Misplaced politeness

The German government is expected to delay their answer to the Commission as long as possible. Once it has arrived, the Commission will have 10 weeks to evaluate the government’s reply. An ensuing judicial infringement procedure might take up to two years and will be repeated if the member state in question fails to comply with the ruling of the court.

Ya gotta love the double standards here. I’m pretty sure if I received an order, or even request from a court, and I decided to put it off and/or ignore it, the court would be rather firm with me(to put it lightly), and almost certainly wouldn’t give me a second chance unless I provided a damn good reason for my failure to comply.

Here, the German government is not only expected to drag their feet the whole way, but they’ll even apparently get several chances to comply, with, unless I missed something, absolutely zero penalty if they decide not to do so.

Oh yes, all the parties involved are ever so interested in tackling this problem in a timely manner, and ensuring that more innocent people aren’t thrown into the meat-grinder of copyright extortion. /s

Anonymous Coward says:

Meh...

Those letters have become very common here in Germany. If you get one of those then you Google a few mins and find various versions of preprinted letters that you can send back. They give or take all include that you dont pay anything but wont do it again.

I myself got one of those letters saying I downloaded a movie via torrent and they wanted some hundred Euro. I never use torrent so I just wrote back that it wasn’t me and asked in detail how they came to the conclusion that the IP belonged to me at the time and how they found that IP in the first place. Never heard of them again (the way they find IPs is a company secret so they cant tell).

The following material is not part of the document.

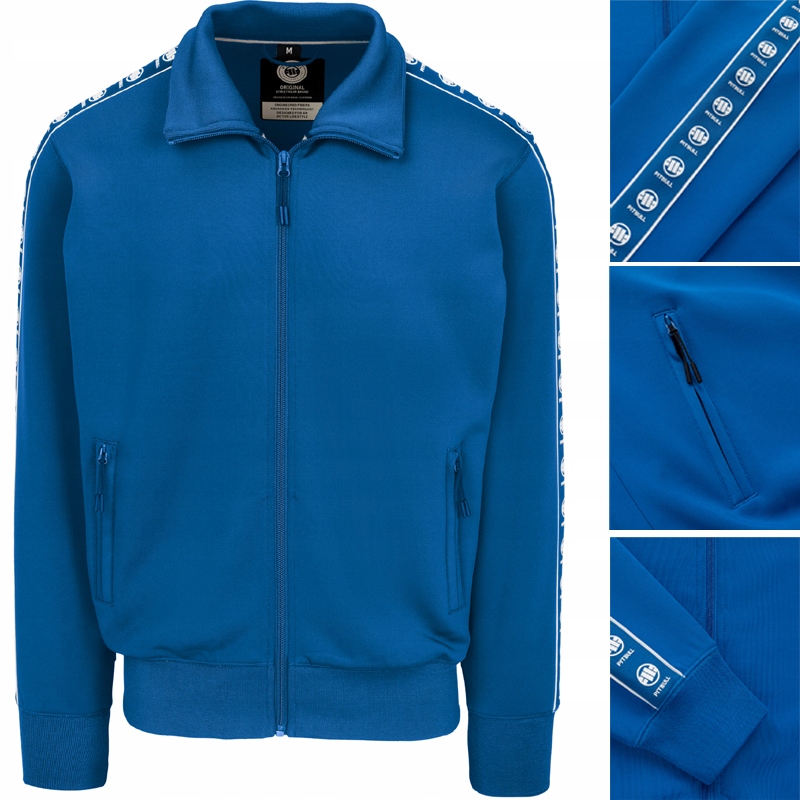 Pit Bull bluza Oldschool Powers track Zip blue od Ari -- M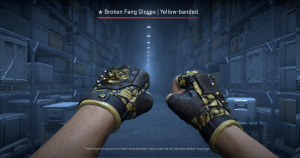 ★ Broken Fang Gloves | Yellow-banded (Minimal Wear) Screenshot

On the other hand in one case a law firm(in the name of a copyright holder) sent out letters because people allegedly watched copyrighted pron. That lawyer now lost his license and further legal actions are on the way.

That Anonymous Coward (profile) says:

Isn’t copyright wonderful?
Giving them this unfettered access has totally crushed copyright infringement and lead to a golden age of German film & culture.
Oh wait…

Secret systems given the power to act as judge, jury, debt collector undermine the actual system that is in place.
Allowing them to collect on accusation alone with “evidence” that can not be questioned perverts the laws that are in place.
Perhaps it is time the people point out to their elected officials that they are supposed to correct any flaws in the system rather than just give one side everything they demand.

I have a very good feeling that if the law were adapted to the reality of todays market & consumers rather than a bygone era, they would get content into consumers hands at the time, format & price the consumer wanted. This would end much of the infringement. It is impossible and stupid to think that it can ever be completely stopped and rather wasting more time and law chasing an impossible goal, perhaps removing the rewards that allow them to ignore consumer demands might make them deal with today not 150 years ago.